Weekend Argus (Saturday Edition)
Ramaphosa’s happy dawn turns to dusk
The real problem is the ANC’s ruinous combination of ideological rigidity with moral spinelessness. This is a government that can’t think on its feet for fear of doing something that inadvertently contradicts the sacred tenets of Marxist-Leninist theory. To make matters worse, at the same time it will invariably cave to the basest populist sentiment of its supporters, no matter what the ultimate cost.
Gordhan is probably the most overrated minister in the government. Despite his dictatorial approach and poor ministerial record, Gordhan remains the darling of the media, largely because he resisted state capture. He and Ramaphosa both portray themselves as pragmatists when seeking overseas investment and aid. The reality, however, is that they continue to take decisions on strongly ideological grounds, despite their self-evidently catastrophic effects.
South Africa’s present plight is not the legacy of apartheid and colonialism, of the North-South divide.
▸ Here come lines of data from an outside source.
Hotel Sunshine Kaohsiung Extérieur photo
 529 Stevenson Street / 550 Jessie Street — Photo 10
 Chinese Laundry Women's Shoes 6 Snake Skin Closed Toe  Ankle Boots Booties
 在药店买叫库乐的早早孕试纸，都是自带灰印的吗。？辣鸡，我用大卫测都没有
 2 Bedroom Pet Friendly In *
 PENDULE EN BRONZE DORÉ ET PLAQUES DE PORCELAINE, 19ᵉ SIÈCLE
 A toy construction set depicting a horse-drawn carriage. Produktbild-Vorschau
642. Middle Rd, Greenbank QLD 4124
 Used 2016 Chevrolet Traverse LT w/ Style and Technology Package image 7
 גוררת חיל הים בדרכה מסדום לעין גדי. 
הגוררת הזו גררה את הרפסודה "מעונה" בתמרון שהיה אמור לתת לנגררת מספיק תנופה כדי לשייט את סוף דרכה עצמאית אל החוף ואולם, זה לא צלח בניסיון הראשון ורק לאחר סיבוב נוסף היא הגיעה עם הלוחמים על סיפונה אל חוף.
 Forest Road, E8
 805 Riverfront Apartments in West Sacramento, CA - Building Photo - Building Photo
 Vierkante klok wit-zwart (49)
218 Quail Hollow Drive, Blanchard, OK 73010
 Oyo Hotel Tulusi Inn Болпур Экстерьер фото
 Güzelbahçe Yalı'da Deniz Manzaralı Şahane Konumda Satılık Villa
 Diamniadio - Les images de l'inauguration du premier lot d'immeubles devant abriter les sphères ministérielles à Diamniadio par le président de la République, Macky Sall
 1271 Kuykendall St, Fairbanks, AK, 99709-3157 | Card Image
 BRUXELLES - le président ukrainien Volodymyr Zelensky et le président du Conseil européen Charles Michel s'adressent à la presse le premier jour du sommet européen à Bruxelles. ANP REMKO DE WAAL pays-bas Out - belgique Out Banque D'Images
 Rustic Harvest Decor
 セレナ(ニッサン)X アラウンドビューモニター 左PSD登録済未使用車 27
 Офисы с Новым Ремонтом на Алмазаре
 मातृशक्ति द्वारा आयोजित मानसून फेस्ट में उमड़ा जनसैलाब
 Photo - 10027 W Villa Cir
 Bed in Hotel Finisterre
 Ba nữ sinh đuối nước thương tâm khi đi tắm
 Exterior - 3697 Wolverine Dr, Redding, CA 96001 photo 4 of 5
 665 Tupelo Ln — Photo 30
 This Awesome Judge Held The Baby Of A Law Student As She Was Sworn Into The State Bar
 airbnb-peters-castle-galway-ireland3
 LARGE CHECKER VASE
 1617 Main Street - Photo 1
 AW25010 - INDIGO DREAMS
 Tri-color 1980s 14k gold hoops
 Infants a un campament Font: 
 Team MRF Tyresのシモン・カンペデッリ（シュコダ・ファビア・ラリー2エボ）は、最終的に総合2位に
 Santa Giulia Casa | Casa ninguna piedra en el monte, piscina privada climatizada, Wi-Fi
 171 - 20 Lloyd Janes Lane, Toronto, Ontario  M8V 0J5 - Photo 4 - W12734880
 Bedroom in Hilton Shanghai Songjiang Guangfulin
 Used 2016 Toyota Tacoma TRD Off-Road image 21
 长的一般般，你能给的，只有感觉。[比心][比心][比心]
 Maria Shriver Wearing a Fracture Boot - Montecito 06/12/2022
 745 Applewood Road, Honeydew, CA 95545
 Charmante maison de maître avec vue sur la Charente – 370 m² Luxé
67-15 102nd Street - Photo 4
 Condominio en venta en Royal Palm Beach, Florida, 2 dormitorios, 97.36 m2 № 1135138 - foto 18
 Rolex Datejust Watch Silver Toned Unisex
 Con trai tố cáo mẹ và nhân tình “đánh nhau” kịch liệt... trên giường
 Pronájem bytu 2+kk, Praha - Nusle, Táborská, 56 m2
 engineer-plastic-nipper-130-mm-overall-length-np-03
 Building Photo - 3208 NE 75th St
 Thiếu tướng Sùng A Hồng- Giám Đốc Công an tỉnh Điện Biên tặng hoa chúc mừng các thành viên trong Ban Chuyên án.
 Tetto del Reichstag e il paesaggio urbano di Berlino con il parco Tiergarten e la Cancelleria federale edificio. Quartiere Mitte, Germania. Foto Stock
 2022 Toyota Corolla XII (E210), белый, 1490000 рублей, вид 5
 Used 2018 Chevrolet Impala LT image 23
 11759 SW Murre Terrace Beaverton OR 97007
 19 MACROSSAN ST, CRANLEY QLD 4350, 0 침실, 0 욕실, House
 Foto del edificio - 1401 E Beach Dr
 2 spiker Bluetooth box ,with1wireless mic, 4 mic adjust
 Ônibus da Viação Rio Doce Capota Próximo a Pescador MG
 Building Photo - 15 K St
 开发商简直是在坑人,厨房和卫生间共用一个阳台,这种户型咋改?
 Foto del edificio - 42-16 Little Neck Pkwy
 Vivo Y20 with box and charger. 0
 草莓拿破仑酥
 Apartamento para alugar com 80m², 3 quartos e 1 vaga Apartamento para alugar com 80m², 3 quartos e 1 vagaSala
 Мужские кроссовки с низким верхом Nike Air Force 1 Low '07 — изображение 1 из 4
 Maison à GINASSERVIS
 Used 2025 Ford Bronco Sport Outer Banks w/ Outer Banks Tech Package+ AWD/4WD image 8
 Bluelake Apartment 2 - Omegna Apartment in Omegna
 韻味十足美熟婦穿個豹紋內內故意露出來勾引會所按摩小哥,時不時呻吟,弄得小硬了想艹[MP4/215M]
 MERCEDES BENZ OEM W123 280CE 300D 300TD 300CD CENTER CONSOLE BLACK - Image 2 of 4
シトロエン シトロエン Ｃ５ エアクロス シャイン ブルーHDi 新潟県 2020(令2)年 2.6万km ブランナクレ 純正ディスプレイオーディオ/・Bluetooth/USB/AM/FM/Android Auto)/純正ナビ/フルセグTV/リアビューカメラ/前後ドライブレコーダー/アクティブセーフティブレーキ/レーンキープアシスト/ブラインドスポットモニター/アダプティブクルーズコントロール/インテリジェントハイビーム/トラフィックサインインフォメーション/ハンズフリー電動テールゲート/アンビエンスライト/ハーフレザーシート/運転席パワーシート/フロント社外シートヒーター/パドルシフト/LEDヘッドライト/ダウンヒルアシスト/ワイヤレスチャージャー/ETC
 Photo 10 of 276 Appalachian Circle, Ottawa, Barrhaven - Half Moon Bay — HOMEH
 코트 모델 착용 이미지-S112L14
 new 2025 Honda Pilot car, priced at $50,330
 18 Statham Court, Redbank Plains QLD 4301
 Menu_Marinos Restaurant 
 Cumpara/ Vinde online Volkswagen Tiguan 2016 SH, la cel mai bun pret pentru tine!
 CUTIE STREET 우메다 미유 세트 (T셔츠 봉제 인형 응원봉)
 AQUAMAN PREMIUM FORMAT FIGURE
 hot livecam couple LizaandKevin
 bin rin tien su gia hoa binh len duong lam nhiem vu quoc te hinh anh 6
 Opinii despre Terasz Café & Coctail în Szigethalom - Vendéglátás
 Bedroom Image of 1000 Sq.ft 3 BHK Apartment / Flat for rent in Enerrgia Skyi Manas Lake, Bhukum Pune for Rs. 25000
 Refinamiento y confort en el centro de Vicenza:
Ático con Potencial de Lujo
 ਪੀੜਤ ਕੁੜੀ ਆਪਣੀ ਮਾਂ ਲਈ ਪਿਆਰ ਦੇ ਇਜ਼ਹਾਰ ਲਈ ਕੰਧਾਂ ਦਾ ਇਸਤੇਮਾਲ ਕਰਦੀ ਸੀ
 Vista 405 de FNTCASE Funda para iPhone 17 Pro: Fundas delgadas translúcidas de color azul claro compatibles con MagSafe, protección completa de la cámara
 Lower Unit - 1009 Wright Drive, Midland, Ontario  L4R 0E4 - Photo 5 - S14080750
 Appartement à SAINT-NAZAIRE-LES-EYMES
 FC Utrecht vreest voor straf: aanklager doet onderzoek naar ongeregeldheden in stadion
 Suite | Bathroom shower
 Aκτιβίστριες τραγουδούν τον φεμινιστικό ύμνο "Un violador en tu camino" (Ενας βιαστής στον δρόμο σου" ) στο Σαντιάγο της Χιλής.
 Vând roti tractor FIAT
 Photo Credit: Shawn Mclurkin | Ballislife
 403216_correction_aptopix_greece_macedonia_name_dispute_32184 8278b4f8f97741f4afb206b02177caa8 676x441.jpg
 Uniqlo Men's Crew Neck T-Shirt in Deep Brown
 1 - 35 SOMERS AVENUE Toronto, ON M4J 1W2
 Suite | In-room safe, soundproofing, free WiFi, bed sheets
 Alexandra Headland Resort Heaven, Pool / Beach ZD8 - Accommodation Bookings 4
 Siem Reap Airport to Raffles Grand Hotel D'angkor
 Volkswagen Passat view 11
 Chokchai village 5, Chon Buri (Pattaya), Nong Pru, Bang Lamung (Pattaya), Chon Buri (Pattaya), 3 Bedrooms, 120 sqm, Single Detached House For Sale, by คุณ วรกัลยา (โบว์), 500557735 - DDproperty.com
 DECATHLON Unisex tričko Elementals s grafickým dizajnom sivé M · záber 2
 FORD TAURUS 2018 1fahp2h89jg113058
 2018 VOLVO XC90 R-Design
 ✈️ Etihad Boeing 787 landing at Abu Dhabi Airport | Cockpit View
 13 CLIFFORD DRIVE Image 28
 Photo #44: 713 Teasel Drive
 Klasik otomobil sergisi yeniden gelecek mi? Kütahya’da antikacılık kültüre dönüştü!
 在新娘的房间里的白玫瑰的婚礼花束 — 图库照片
It’s not the lack of physical and human resources. It’s caused by the ANC’s deliberate impotence – an intellectual inflexibility coupled with gutlessness in execution.
For now, Gordhan has averted the crisis. Ramaphosa, basking in all the pomp and ceremony that a new king and new prime minister could lavish on him, did not have to hurry home this time. An emergency meeting was held on Sunday with the Eskom board. In a media statement dripping with condescension and dishonesty, the DPE did its best to portray Gordhan as chivalrously riding to the rescue of a power utility that somehow doesn’t understand how complicated things like budgets and maintenance schedules work.
Since then, Gordhan has fortuitously discovered that PetroSA, another of his stuffed-up SOEs, had been hiding 50 million litres of diesel under the sofa. This will be diverted to Eskom to keep the gas turbines going for another two weeks. By then, says Gordhan, a “permanent fix” will have been found for Eskom. Much like the “permanent fix” he promised for SAA, no doubt.
That involved lots of super glue, favoured comrades, and a murky organisational and funding structure that he has repeatedly refused to disclose to Parliament.